Overalls, cargo pants, jean jackets, and camouflage prints all have one thing in common: they were designed to make daily life easier for workers and soldiers, before arriving on the fashion scene. Long relegated to the shadows, workwear style is making a comeback, even eclipsing the long-reigning king that is sportswear, to meet the new expectations of a generation in search of style, practicality, and inclusiveness.
After experimenting with jogging suit style, Anna Wintour could now don a pair of dungarees. For now it’s just an idea for an outfit for the high priestess of fashion, but it could soon become reality… Because utility wear is making a strong comeback in our wardrobes, and is even in the process of dethroning the seemingly unbeatable sportswear. The current ‘utility wear’ trend seems to be the synthesis of everything the younger generations are looking for: a non-gendered, durable, practical garment that works for all body types, without sacrificing style.

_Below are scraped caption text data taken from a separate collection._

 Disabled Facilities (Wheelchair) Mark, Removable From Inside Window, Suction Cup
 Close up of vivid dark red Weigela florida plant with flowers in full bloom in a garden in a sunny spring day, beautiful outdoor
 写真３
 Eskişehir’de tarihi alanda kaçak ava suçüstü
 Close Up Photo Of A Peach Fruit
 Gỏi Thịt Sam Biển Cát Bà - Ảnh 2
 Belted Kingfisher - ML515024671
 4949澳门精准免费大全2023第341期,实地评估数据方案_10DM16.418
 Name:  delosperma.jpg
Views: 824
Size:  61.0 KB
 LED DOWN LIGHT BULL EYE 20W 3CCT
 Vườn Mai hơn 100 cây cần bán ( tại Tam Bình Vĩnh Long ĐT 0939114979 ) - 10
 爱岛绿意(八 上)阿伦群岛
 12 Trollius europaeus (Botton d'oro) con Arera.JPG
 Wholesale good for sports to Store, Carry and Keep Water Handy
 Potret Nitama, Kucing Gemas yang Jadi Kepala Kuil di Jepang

A winning combo set to have a long-term presence in our closets.
The story of a success foretold
Utilitarian clothing has already been making an appearance in our daily wardrobes for a few seasons now, slowly but surely, abetted at first by the pandemic lockdowns, then by the mass shift to remote working. The idea is to remain stylish without giving up the priority on comfort acquired during the pandemic. Men’s suits became more casual, and then overalls, the ultimate workwear garment, made a minor comeback, before sibling styles of pantsuits and uniforms started to make a more lasting impression on the fashion scene. Already at the start of 2022, there was talk of workwear’s comeback, but now it’s become a broader trend, encompassing workwear, army wear, and streetwear, which is now taking shape with the rise of utilitarian clothing.
Something confirmed by the resurgence of brands entirely dedicated to this style of fashion, starting with Dickies and Carhartt, two brands that have been around for a century, who continued their activities in the shadows for a while before returning to the spotlight. And while these clothes may still symbolize the working class, or even the military, they are now mixed with luxury, streetwear, and even sportswear pieces for tasteful ensembles. The phenomenon is increasingly pushing back the frontiers between genders and social classes, while maintaining a functional aspect, in phase with daily life at high speed and an inclusive character — by being adaptable to everyone. It is therefore not surprising to see that the hashtag #workwear counted 400 million views on Tiktok at the time of writing, while the much broader trend of utilitarian clothing is gradually making its mark as a genuine movement.
From the runway to the street
The last season of Fashion Weeks, dedicated to the spring-summer 2023 season, have erected utility clothes as stars of the catwalk, starting with cargo pants that have imposed themselves as a must-have piece in Milan. Once reserved for the military, then brought back to fashion in the early 2000s, these utility pants were ubiquitous in Milan and Paris, particularly on the catwalks of Fendi, Jil Sander, Isabel Marant, Koché, and Dolce & Gabbana, to name a few. Cargo skirts, cargo shorts, and Bermuda-style cargo shorts were also present in all four fashion capitals, as well as denim, more present than ever, jackets with multiple pockets, parachute pants and skirts, and, to a lesser extent, camouflage print, often revisited in versions that are modern, and less associated with military wardrobes.